Stored dataset items
__________

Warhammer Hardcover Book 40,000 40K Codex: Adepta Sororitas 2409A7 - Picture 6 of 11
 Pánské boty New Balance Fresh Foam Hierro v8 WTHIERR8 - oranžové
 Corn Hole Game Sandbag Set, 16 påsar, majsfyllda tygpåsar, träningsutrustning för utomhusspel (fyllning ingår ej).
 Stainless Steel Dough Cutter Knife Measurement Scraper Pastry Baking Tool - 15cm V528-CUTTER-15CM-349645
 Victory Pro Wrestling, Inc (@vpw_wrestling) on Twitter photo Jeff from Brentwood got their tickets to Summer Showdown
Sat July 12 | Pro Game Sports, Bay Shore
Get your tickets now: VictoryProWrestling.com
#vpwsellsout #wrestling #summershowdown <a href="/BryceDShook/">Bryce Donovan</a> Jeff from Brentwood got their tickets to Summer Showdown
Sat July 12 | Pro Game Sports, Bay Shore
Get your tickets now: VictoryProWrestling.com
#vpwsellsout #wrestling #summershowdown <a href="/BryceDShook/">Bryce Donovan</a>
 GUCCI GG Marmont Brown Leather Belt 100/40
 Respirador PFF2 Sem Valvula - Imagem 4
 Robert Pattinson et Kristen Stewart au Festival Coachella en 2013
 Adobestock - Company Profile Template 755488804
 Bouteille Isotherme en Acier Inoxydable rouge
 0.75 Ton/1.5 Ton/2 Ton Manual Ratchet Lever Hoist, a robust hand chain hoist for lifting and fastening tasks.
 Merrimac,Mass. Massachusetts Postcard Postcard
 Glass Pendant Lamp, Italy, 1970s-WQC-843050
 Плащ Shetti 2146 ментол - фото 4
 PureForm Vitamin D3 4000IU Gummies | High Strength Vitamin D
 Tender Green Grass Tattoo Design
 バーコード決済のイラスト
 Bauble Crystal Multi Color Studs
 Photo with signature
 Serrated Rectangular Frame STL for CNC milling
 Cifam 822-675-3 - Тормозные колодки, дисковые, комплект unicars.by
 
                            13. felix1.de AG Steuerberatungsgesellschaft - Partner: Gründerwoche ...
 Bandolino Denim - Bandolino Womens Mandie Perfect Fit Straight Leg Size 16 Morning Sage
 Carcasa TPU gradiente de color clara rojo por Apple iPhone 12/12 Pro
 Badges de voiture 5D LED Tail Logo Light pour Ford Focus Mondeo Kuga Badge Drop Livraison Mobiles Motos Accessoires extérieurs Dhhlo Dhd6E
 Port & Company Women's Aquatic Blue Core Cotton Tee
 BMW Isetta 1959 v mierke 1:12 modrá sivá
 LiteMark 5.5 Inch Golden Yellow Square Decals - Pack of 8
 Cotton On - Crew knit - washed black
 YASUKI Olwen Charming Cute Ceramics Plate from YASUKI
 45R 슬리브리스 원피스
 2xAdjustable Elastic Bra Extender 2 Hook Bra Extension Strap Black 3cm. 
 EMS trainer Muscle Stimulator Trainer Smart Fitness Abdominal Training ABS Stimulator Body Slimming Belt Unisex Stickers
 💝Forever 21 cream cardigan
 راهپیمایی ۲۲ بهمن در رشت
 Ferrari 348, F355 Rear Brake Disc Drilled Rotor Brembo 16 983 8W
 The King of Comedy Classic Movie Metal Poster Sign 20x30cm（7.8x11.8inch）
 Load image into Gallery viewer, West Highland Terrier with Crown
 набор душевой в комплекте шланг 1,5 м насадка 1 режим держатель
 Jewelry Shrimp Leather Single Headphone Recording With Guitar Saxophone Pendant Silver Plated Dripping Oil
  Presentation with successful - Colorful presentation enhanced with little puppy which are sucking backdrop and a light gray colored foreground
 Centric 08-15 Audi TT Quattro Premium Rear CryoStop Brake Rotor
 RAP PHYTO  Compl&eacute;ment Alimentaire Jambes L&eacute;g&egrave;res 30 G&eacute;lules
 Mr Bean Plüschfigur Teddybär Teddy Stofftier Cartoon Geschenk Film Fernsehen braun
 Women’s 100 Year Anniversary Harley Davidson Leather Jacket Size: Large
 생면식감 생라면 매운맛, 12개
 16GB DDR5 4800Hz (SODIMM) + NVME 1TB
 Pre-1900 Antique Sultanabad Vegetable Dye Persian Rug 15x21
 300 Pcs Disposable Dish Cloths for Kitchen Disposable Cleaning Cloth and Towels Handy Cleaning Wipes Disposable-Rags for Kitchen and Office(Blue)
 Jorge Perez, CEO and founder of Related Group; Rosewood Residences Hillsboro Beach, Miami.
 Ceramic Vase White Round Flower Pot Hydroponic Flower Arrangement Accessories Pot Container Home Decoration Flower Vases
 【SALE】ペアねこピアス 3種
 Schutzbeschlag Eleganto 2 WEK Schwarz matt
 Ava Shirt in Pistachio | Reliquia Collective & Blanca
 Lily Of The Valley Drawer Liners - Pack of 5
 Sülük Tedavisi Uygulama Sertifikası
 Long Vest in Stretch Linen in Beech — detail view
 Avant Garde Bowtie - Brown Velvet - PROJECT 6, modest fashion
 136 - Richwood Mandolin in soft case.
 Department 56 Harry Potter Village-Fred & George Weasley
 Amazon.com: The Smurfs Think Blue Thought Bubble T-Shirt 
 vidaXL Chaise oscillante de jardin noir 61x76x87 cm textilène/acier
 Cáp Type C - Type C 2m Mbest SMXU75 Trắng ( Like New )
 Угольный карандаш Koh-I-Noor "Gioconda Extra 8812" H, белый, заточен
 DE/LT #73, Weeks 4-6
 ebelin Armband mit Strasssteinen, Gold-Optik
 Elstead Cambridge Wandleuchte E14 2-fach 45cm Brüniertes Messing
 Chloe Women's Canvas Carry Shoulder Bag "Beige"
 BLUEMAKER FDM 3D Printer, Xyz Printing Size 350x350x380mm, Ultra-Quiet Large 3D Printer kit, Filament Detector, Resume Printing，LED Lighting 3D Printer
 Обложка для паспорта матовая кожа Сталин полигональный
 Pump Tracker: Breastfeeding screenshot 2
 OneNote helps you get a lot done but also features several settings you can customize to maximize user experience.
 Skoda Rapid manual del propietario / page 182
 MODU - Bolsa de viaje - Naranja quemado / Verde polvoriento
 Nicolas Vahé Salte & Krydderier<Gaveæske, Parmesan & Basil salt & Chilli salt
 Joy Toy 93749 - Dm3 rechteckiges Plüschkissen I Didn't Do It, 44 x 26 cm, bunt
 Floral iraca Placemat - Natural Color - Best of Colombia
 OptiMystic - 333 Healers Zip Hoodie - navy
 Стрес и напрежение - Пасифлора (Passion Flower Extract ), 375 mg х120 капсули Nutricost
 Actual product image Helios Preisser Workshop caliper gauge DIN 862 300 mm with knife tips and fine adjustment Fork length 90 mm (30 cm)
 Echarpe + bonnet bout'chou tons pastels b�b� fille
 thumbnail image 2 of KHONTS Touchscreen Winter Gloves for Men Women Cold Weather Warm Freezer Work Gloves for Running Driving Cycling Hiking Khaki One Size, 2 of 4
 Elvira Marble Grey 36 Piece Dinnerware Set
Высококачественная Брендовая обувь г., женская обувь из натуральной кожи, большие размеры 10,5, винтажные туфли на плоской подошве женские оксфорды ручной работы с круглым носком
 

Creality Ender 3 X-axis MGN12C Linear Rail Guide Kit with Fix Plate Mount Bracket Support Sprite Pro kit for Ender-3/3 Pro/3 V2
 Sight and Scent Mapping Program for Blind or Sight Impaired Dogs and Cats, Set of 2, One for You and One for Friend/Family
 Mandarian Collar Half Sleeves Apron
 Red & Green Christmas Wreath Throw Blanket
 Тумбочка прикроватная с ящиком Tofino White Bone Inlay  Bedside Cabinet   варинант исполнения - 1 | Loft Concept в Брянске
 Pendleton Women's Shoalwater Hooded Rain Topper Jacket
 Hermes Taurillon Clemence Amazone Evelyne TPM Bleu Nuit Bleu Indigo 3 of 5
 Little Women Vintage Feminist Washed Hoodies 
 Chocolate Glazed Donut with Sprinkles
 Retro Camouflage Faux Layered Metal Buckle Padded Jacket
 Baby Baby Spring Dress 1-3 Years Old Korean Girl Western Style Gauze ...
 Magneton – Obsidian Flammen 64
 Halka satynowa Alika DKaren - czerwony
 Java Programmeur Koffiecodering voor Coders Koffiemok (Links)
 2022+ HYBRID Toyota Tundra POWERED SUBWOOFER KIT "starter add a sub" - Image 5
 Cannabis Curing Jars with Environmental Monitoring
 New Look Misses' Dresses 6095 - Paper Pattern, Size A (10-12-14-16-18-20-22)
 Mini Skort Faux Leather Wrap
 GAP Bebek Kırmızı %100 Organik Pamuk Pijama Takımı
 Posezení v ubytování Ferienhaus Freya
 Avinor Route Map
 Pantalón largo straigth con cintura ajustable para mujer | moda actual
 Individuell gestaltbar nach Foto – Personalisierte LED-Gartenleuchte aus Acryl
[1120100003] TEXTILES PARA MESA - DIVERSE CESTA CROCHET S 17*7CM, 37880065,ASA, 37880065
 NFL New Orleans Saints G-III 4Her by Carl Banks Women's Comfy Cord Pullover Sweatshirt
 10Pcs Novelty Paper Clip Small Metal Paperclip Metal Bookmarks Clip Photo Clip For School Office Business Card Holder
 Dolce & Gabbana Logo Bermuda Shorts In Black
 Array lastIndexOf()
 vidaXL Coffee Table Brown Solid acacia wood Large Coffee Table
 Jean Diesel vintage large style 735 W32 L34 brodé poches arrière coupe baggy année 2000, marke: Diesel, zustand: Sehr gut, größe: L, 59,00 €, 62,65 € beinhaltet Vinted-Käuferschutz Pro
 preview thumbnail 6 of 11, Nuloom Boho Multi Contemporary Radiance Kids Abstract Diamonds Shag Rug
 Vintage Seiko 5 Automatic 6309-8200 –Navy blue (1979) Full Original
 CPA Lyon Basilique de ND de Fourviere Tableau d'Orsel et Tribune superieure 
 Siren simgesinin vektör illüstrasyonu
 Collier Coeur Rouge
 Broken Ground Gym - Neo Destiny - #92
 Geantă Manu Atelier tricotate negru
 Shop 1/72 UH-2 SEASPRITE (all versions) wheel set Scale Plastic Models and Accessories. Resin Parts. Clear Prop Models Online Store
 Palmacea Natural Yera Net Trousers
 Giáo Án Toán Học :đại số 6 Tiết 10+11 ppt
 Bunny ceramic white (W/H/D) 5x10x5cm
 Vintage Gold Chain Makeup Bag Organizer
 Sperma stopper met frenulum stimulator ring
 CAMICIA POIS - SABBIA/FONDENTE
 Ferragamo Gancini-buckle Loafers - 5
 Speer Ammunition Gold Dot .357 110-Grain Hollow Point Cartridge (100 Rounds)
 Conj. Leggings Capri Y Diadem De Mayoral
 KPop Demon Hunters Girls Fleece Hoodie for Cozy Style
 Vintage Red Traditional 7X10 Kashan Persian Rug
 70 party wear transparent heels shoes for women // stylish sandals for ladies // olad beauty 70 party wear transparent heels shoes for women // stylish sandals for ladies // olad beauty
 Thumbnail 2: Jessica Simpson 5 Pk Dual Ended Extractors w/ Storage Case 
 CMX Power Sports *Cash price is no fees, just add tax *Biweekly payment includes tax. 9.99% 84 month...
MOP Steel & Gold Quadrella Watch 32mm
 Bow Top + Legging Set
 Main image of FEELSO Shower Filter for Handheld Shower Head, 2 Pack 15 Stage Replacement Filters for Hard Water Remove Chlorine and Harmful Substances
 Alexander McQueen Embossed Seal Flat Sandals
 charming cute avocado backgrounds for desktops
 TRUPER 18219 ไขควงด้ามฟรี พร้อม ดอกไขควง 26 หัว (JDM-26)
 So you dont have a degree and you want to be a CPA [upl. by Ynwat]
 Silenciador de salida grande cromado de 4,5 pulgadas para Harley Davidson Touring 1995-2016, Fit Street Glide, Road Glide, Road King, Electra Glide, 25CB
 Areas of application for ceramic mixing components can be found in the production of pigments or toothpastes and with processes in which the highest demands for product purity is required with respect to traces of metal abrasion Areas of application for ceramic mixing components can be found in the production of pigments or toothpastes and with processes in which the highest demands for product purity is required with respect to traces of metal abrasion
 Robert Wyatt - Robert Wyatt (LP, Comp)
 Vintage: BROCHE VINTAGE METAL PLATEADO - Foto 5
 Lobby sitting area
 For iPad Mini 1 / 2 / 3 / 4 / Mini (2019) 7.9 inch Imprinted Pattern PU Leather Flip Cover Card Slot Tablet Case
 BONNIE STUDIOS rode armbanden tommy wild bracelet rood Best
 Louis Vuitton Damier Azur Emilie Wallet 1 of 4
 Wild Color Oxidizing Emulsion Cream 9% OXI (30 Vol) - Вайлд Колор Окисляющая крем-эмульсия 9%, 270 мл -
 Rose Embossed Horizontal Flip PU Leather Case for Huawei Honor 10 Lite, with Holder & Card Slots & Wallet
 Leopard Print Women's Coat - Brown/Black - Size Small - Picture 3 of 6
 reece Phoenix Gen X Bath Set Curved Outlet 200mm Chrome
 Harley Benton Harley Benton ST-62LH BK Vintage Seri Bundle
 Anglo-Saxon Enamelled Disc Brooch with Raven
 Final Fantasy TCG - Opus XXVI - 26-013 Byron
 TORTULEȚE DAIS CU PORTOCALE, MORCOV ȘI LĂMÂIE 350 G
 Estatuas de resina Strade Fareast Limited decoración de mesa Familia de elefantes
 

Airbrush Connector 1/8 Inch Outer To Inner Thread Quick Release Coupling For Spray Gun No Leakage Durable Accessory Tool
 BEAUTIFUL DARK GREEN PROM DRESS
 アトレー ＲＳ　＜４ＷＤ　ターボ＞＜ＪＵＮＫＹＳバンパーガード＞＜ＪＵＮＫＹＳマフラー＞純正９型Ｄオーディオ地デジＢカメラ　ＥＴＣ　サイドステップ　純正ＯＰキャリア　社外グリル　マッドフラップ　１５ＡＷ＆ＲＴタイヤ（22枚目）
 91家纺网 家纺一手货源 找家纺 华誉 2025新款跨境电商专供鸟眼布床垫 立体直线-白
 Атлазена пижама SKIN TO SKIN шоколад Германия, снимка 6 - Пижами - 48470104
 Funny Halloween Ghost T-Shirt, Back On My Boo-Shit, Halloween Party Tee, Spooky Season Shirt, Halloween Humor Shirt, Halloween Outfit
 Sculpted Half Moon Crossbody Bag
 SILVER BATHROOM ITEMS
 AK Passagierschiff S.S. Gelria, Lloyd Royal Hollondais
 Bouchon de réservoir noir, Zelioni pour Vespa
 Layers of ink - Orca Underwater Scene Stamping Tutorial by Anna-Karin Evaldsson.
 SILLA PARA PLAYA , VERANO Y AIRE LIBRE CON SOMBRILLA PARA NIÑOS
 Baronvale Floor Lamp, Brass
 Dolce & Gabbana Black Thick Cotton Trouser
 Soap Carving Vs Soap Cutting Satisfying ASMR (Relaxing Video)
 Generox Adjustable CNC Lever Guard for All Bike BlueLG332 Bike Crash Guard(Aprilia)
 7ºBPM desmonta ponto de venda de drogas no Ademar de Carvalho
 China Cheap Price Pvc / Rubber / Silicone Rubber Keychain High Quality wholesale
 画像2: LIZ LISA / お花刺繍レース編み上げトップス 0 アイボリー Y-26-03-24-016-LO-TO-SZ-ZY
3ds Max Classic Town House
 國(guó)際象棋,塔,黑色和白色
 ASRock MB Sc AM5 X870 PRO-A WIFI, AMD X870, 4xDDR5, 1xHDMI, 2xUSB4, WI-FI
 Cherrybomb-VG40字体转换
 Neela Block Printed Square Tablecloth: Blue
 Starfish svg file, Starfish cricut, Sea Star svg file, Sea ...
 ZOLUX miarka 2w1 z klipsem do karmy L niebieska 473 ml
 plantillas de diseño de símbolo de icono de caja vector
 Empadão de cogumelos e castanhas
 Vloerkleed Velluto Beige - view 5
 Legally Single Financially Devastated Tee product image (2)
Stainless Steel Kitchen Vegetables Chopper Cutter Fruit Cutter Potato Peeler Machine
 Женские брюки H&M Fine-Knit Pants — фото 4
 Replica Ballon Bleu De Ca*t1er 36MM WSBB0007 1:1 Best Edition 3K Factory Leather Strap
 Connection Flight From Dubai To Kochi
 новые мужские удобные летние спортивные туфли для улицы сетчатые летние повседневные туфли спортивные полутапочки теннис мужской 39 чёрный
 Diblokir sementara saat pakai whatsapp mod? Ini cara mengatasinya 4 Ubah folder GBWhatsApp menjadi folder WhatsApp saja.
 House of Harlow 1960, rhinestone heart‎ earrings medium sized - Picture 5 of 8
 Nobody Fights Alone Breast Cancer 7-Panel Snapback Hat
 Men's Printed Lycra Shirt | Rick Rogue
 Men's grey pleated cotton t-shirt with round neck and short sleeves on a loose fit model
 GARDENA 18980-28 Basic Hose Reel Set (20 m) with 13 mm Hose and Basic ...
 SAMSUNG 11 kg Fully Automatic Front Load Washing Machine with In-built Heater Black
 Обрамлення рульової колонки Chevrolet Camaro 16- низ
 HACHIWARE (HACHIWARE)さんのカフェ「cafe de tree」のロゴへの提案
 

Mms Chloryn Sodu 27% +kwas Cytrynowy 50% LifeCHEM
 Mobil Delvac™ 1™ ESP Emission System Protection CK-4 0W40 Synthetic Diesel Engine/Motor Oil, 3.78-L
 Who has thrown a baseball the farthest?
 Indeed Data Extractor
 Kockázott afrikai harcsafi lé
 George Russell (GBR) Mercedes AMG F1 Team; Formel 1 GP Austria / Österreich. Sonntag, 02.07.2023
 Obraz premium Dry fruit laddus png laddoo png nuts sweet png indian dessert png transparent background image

__________

Please transcribe exactly the lines above from the line that has "Ceramic Vase White" up to and including the line that has "Long Vest in"; no other line belongs in the answer.

 Ceramic Vase White Round Flower Pot Hydroponic Flower Arrangement Accessories Pot Container Home Decoration Flower Vases
 【SALE】ペアねこピアス 3種
 Schutzbeschlag Eleganto 2 WEK Schwarz matt
 Ava Shirt in Pistachio | Reliquia Collective & Blanca
 Lily Of The Valley Drawer Liners - Pack of 5
 Sülük Tedavisi Uygulama Sertifikası
 Long Vest in Stretch Linen in Beech — detail view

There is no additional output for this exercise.